Liberals set to reform jury selection process following Colten Boushie case

The prospect of something good coming out of her son’s death gives her hope for the future,

The federal government has introduced legislation aimed at overhauling the criminal justice system, a measure that makes good on a Liberal promise to change the way juries are selected.

A number of visibly Indigenous people were excluded from the jury that last month acquitted Saskatchewan farmer Gerald Stanley, 56, in the shooting death of Colten Boushie, 22, a member of the Red Pheasant First Nation.

Justice Minister Jody Wilson-Raybould tabled a massive bill Thursday that, if passed, would eliminate the use of peremptory challenges, which allow lawyers to reject jury candidates during the selection process.

Speaking through a family friend, Boushie’s mother, Debbie Baptiste, said she is pleased about the proposed changes and hopes the presence of Indigenous jurors will translate into more justice for Indigenous Peoples in Canada.

The prospect of something good coming out of her son’s death gives her hope for the future, Eleanore Sunchild said on behalf of Baptiste.

The bill includes other measures aimed at tackling court backlogs plaguing the criminal justice system, including by restricting the use of preliminary inquiries to cases where the offender is facing the possibility of a life sentence, such as for murder, kidnapping or aggravated sexual assault.

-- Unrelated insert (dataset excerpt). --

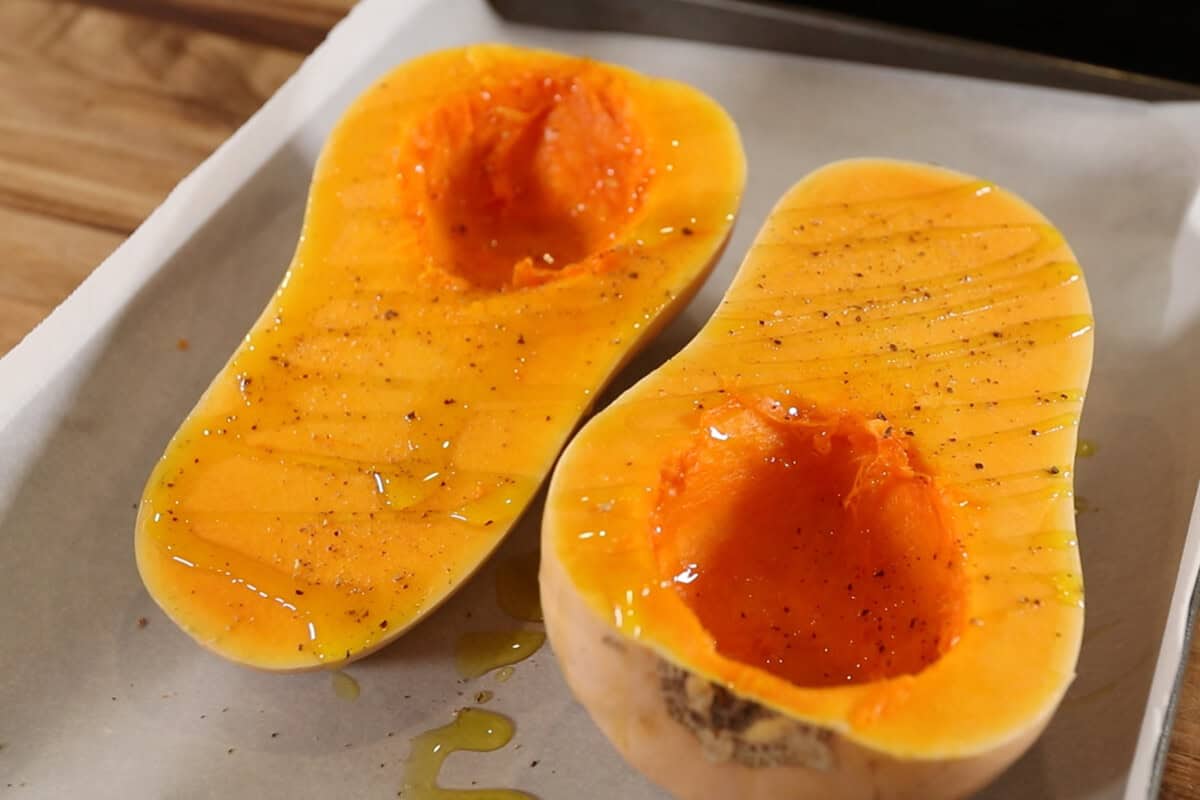 dressing a butternut squash with oil, salt and pepper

The bill will also address a Liberal campaign promise to crack down on intimate partner violence, including by reversing the onus on bail for those previously convicted of violence against a current or former spouse, common-law partner or dating partner.

Intimate partner violence would also be considered an aggravating factor in sentencing; the bill would also make way for the possibility of higher maximum sentences for repeat offenders.

Prime Minister Justin Trudeau tasked Wilson-Raybould with reviewing changes to the criminal justice system and the sentencing reforms the previous Conservative government brought in as part of its tough-on-crime agenda, including the impact on Indigenous Peoples and other marginalized groups.

That effort took on an increased sense of urgency in July 2016, when the Supreme Court imposed strict new limits on how long a case could take to make its way through the system.

More than 200 criminal cases across the country were tossed out due to unreasonable delays.

The bill would also make other changes aimed at tackling the backlog, including by allowing judges more discretion when it comes to what are called administration of justice offences, such as those involving breach of recognizance and others that do not involve violence or property damage.

This bill, however, does not address another major promised reform to address mandatory minimum sentences, which many advocates have argued also contribute to court delays.